──────── Source data

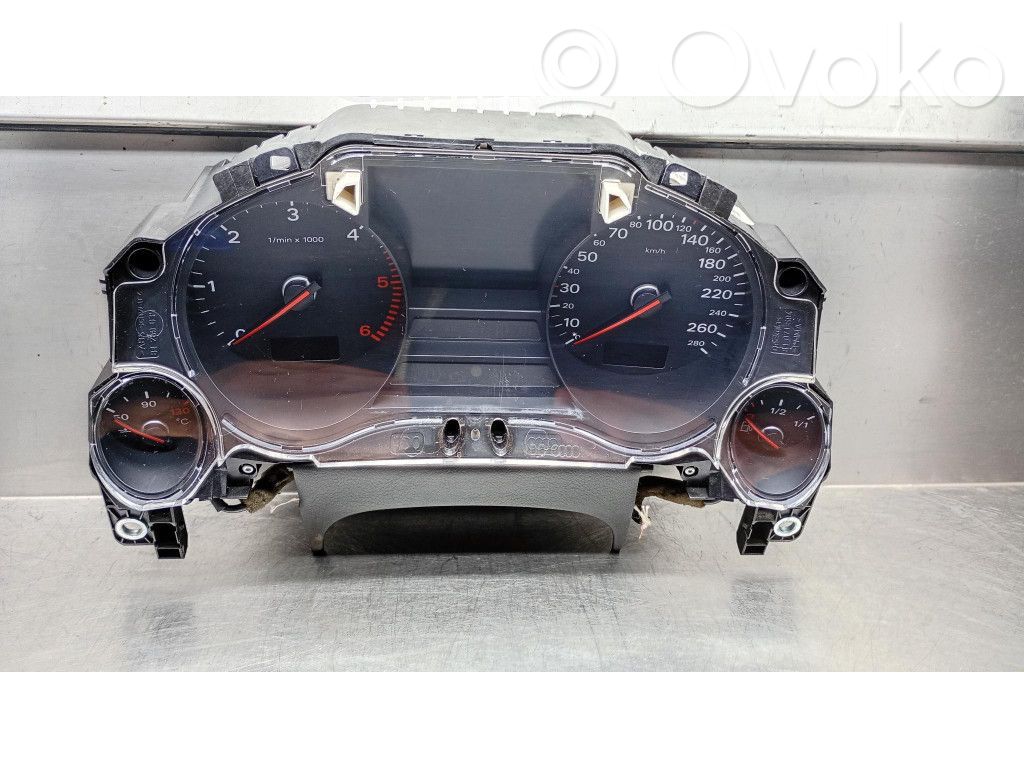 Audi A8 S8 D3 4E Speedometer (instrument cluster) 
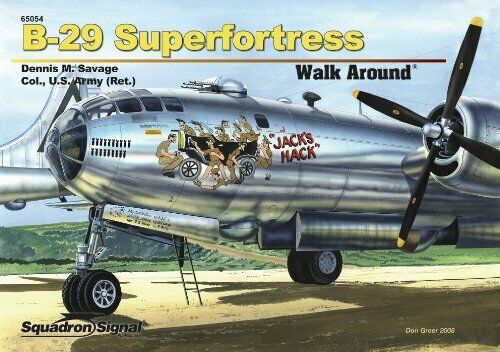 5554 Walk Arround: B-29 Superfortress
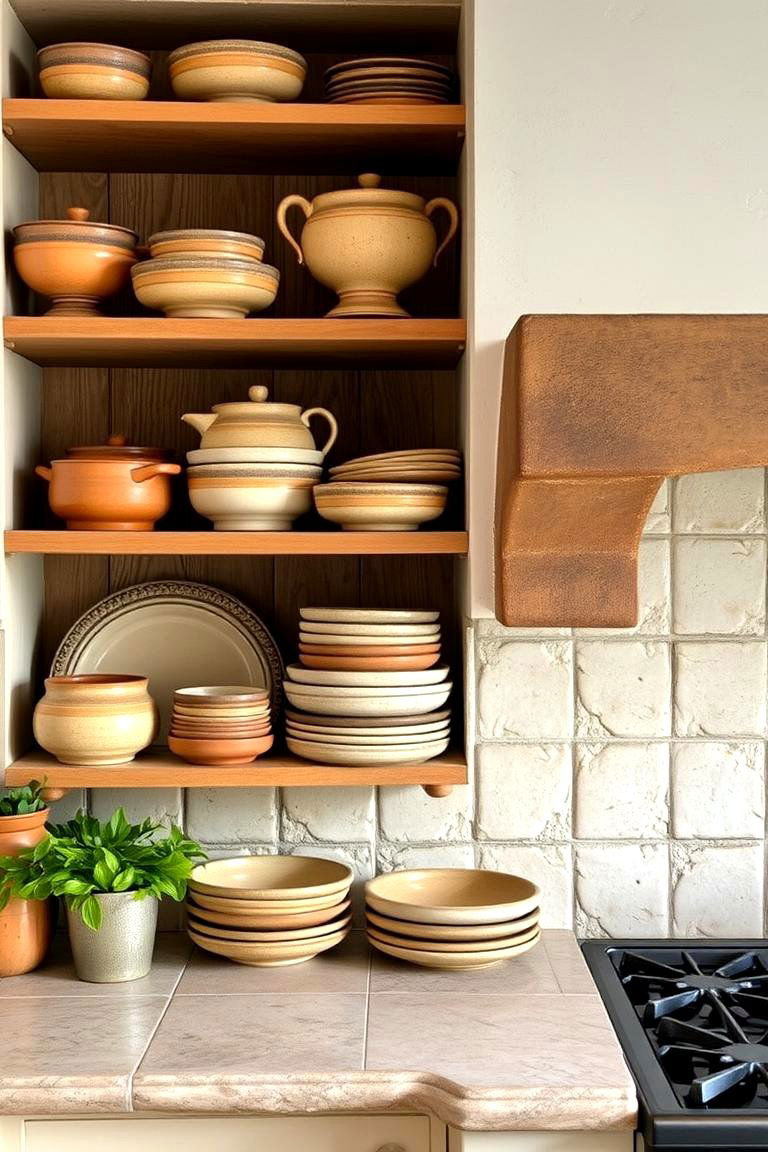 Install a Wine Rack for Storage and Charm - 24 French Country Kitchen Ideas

────────────────
──────── Source data

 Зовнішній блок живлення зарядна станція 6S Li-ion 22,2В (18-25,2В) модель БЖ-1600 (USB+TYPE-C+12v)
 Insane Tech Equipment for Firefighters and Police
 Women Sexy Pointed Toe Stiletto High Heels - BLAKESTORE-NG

────────────────
──────── Source data

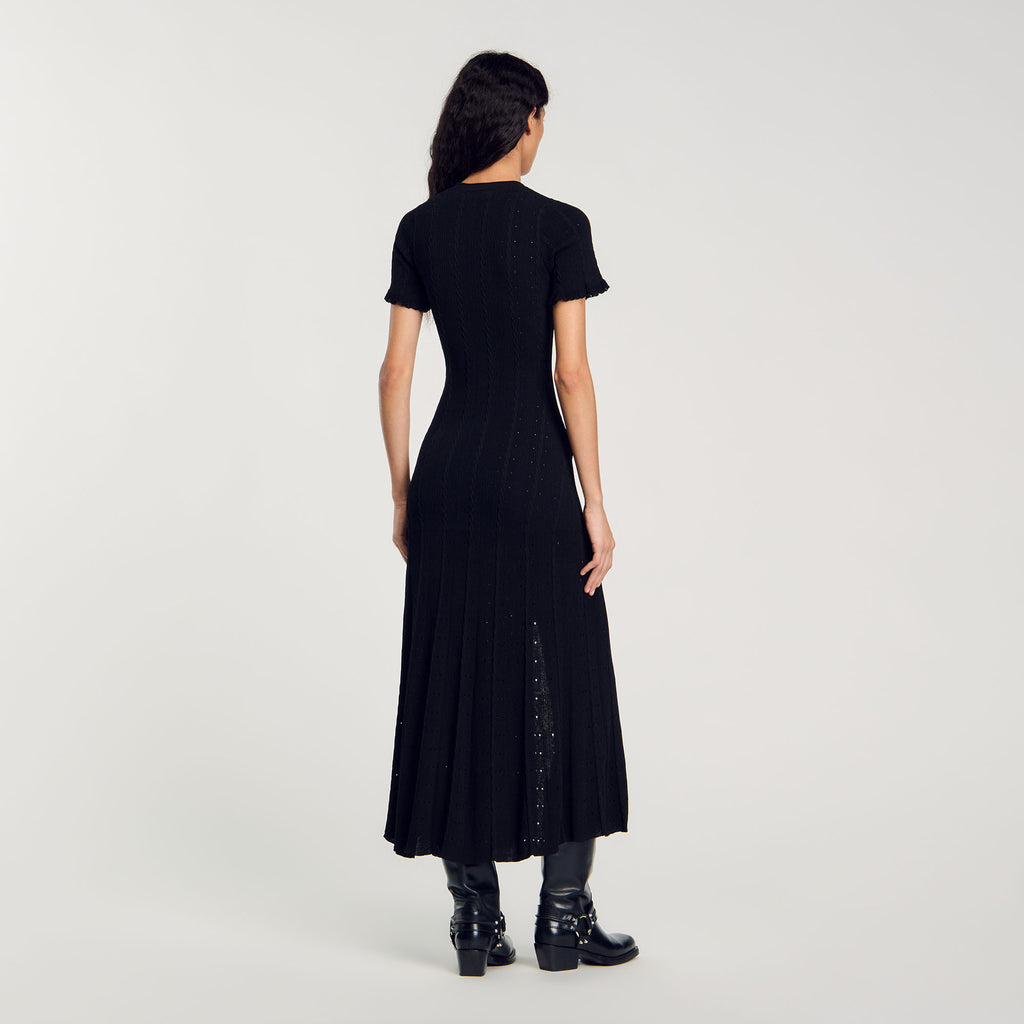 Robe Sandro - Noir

────────────────

Everything from the line containing "Insane Tech Equipment" through the line containing "Women Sexy Pointed" in the material above should be retyped exactly, both ends included, and nothing more.

## Completed task
 Insane Tech Equipment for Firefighters and Police
 Women Sexy Pointed Toe Stiletto High Heels - BLAKESTORE-NG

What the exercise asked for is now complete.